**Dataset**
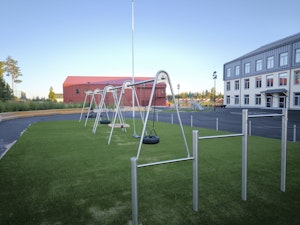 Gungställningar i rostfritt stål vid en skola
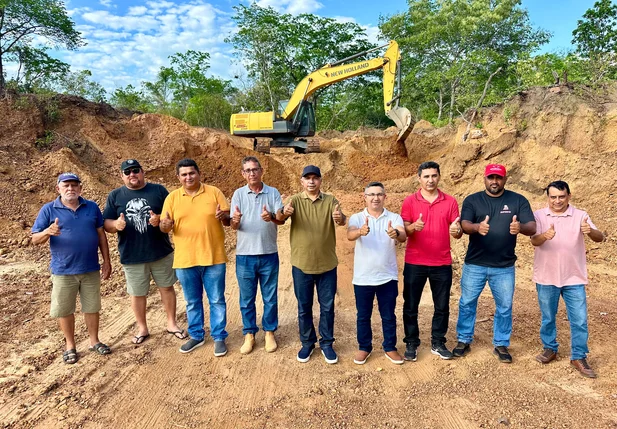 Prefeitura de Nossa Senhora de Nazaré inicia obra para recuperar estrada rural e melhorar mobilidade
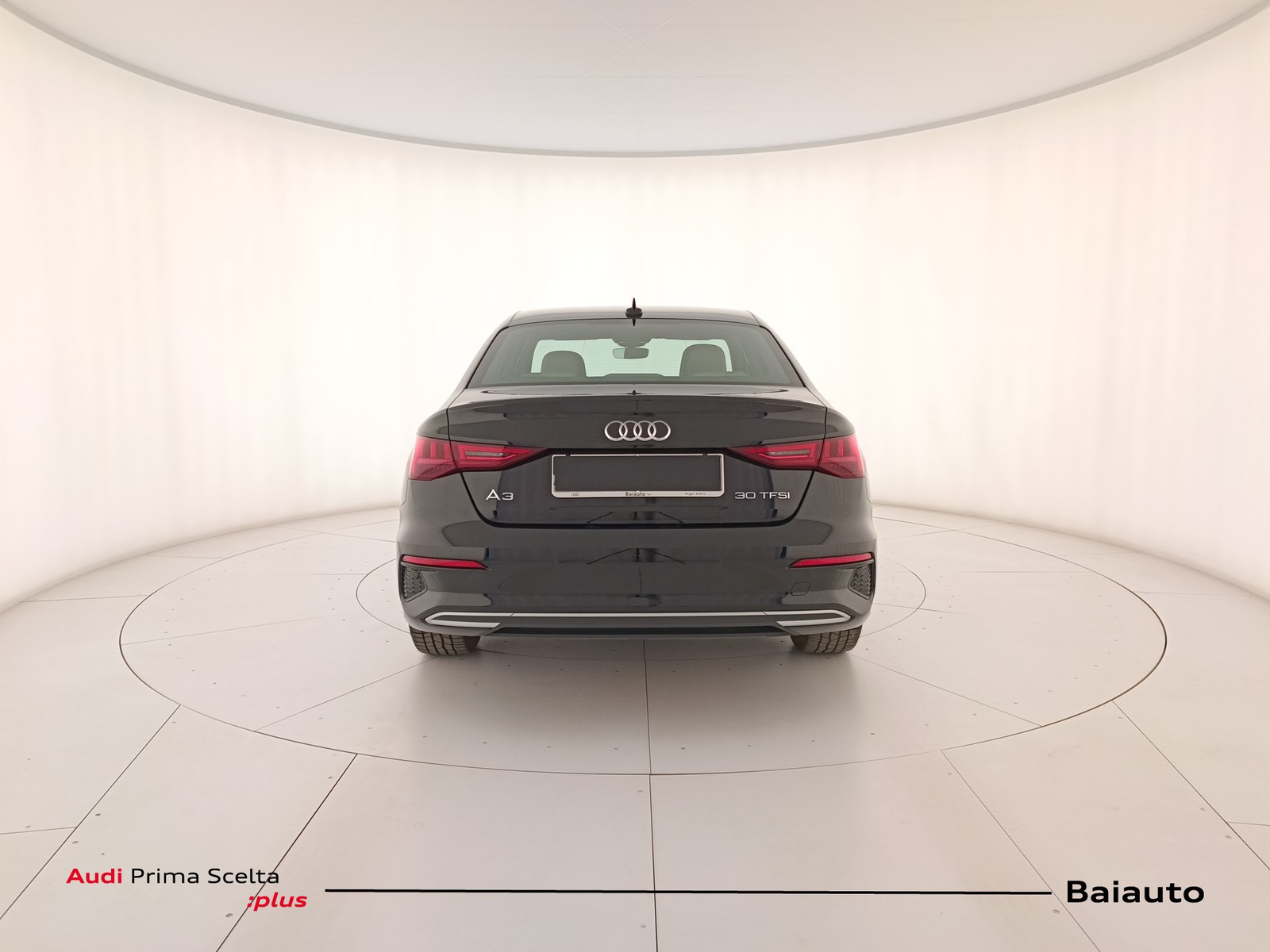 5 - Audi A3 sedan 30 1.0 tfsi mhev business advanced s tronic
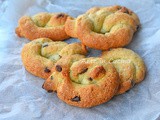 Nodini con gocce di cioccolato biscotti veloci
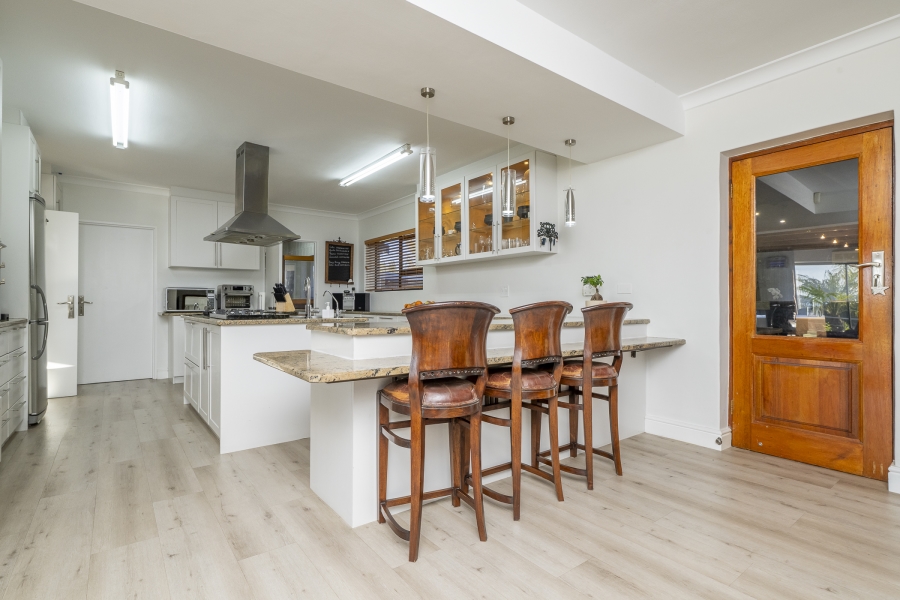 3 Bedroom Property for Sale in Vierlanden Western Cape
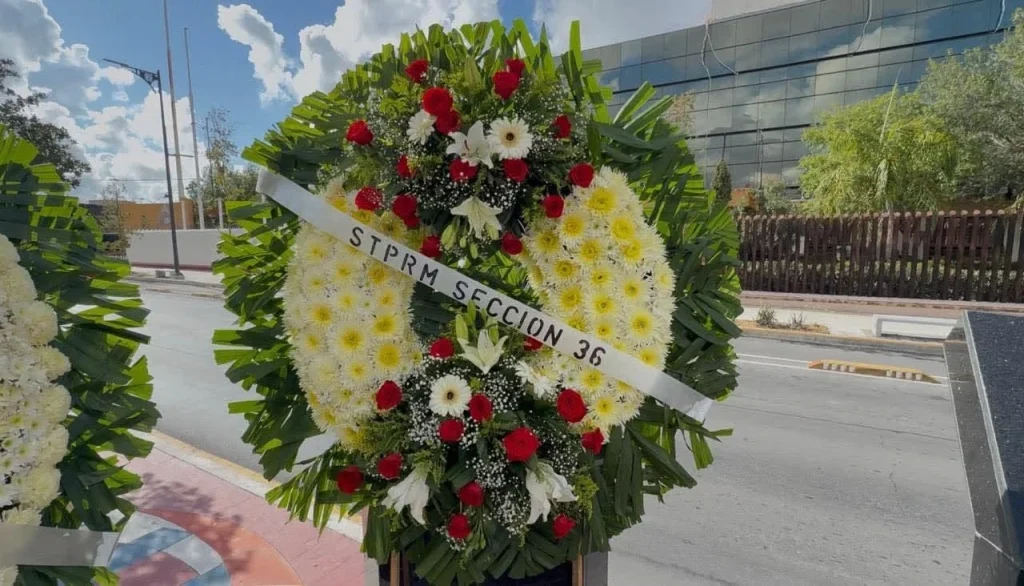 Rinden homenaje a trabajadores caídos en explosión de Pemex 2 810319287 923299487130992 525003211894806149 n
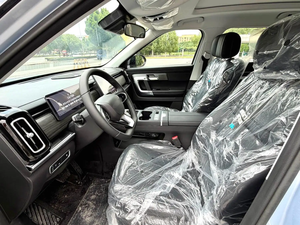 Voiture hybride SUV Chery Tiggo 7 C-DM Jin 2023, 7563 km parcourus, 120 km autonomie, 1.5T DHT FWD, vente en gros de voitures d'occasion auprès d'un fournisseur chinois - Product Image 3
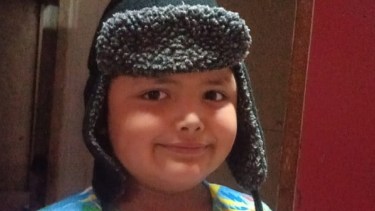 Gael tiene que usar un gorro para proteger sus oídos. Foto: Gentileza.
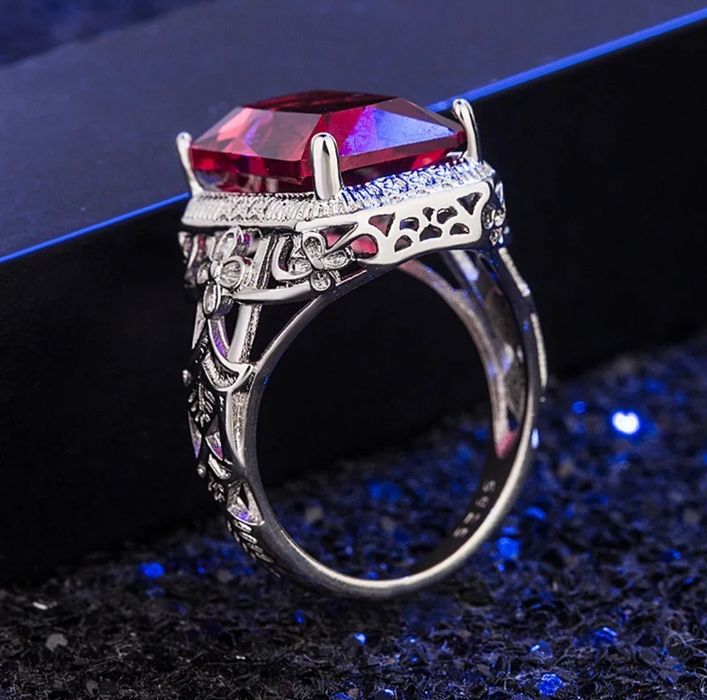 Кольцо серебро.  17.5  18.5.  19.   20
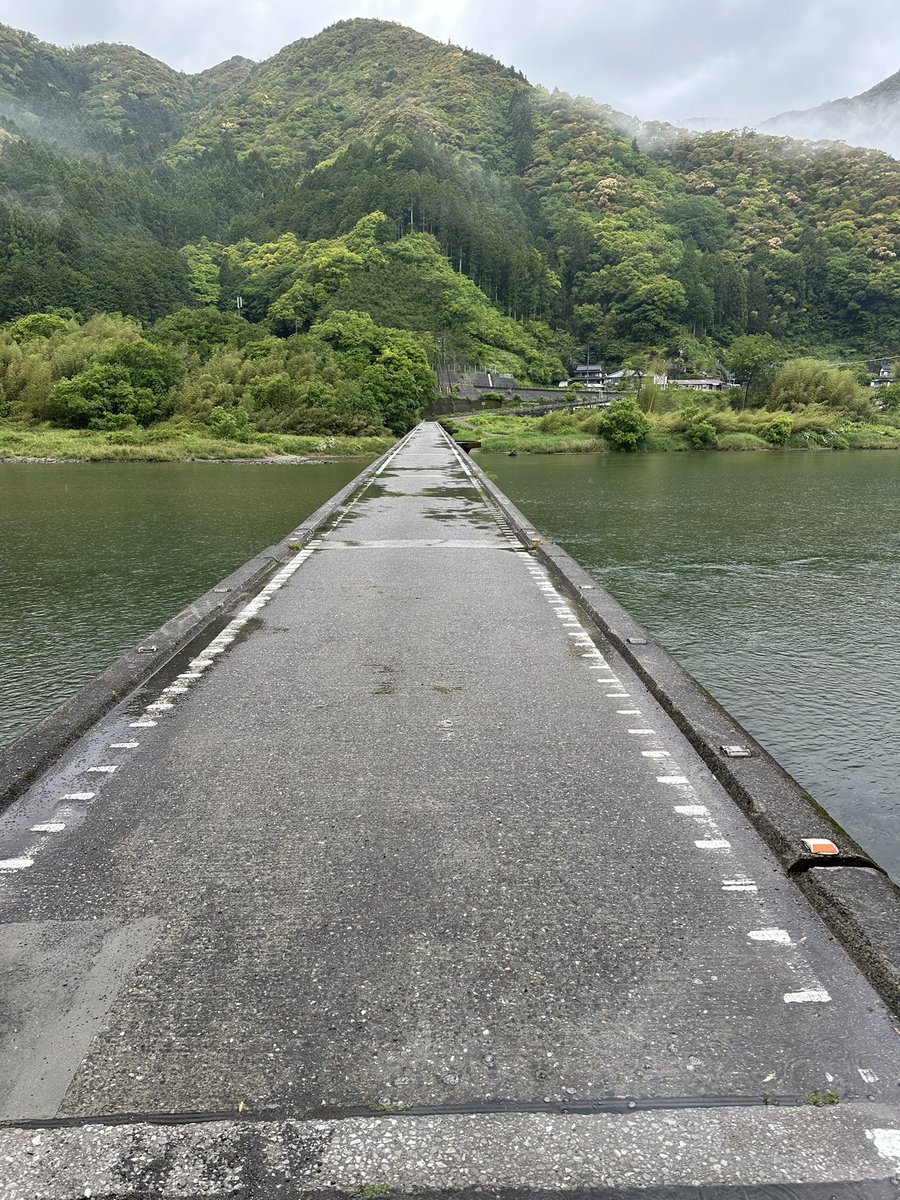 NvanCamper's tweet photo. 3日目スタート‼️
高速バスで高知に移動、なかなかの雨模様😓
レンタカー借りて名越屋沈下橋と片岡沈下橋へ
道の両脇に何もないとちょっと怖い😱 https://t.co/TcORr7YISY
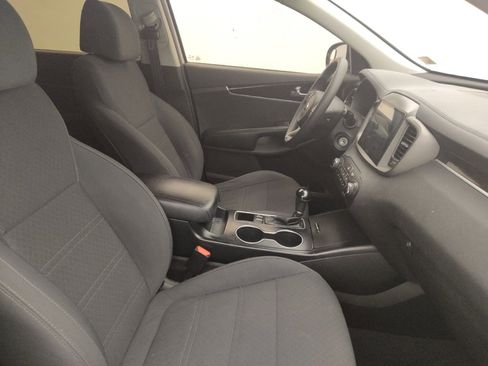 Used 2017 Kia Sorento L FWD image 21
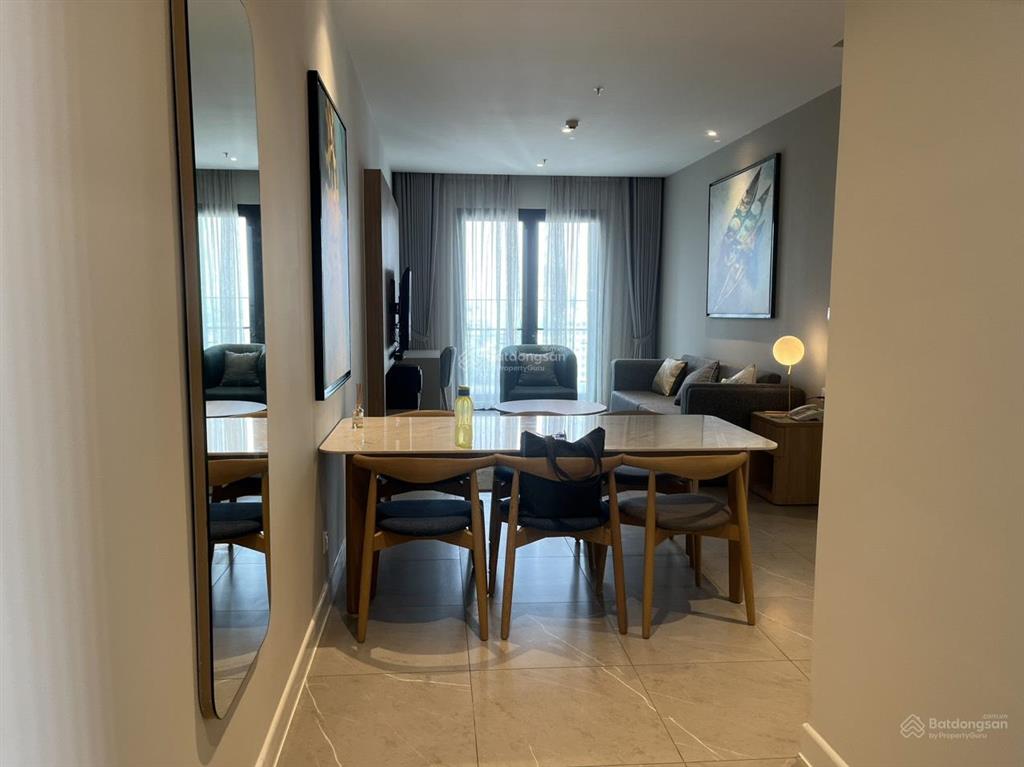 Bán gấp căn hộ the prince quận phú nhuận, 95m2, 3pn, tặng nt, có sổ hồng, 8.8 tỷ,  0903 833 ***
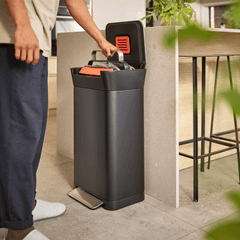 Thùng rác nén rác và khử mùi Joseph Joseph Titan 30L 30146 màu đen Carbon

**Task details**
Pictures excluded, set down all the entries exactly.

**Answer**
 Gungställningar i rostfritt stål vid en skola
 Prefeitura de Nossa Senhora de Nazaré inicia obra para recuperar estrada rural e melhorar mobilidade
 5 - Audi A3 sedan 30 1.0 tfsi mhev business advanced s tronic
 Nodini con gocce di cioccolato biscotti veloci
 3 Bedroom Property for Sale in Vierlanden Western Cape
 Rinden homenaje a trabajadores caídos en explosión de Pemex 2 810319287 923299487130992 525003211894806149 n
 Voiture hybride SUV Chery Tiggo 7 C-DM Jin 2023, 7563 km parcourus, 120 km autonomie, 1.5T DHT FWD, vente en gros de voitures d'occasion auprès d'un fournisseur chinois - Product Image 3
 Gael tiene que usar un gorro para proteger sus oídos. Foto: Gentileza.
 Кольцо серебро.  17.5  18.5.  19.   20
 NvanCamper's tweet photo. 3日目スタート‼️
高速バスで高知に移動、なかなかの雨模様😓
レンタカー借りて名越屋沈下橋と片岡沈下橋へ
道の両脇に何もないとちょっと怖い😱 https://t.co/TcORr7YISY
 Used 2017 Kia Sorento L FWD image 21
 Bán gấp căn hộ the prince quận phú nhuận, 95m2, 3pn, tặng nt, có sổ hồng, 8.8 tỷ,  0903 833 ***
 Thùng rác nén rác và khử mùi Joseph Joseph Titan 30L 30146 màu đen Carbon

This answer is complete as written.